» **Try it**: Among the lines below, a stretch begins at the one with "спробуйте приготувати на" and ends at the one with "Nike LeBron 13". Repeat that stretch exactly, ends included.

[Listed records]

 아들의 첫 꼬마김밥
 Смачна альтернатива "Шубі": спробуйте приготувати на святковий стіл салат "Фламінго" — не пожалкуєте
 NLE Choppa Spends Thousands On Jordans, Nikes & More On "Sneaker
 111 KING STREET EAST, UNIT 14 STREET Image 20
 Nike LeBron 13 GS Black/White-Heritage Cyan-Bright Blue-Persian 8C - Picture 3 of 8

[/Listed records]
[Listed records]

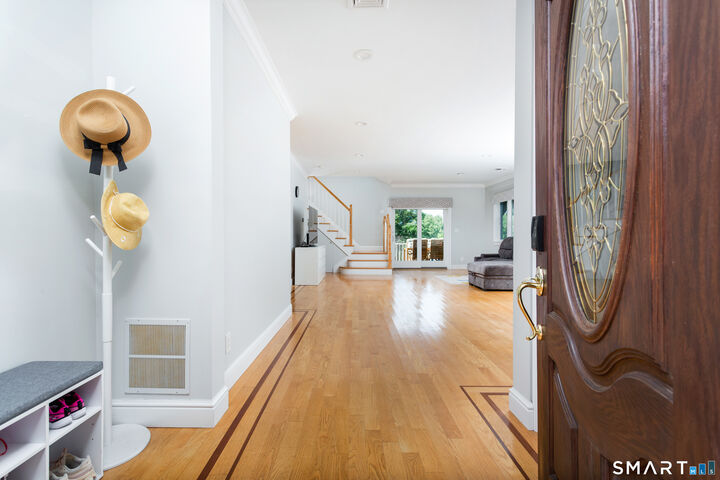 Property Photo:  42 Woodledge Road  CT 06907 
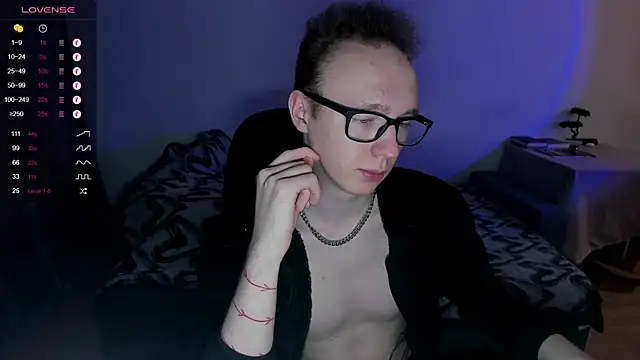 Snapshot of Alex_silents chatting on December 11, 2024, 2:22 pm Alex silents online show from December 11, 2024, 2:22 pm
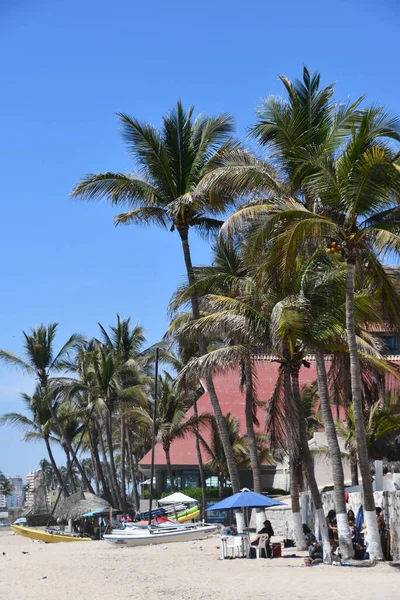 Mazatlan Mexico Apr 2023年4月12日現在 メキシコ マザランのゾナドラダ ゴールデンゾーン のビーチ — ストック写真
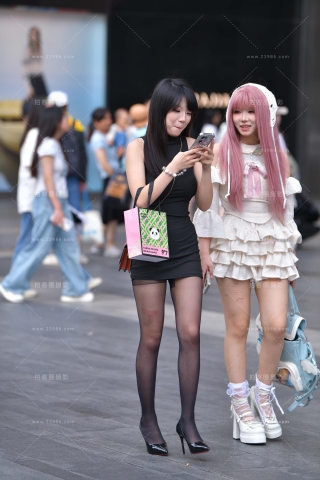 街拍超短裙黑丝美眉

[/Listed records]

» **Reply to the exercise**:
 Смачна альтернатива "Шубі": спробуйте приготувати на святковий стіл салат "Фламінго" — не пожалкуєте
 NLE Choppa Spends Thousands On Jordans, Nikes & More On "Sneaker
 111 KING STREET EAST, UNIT 14 STREET Image 20
 Nike LeBron 13 GS Black/White-Heritage Cyan-Bright Blue-Persian 8C - Picture 3 of 8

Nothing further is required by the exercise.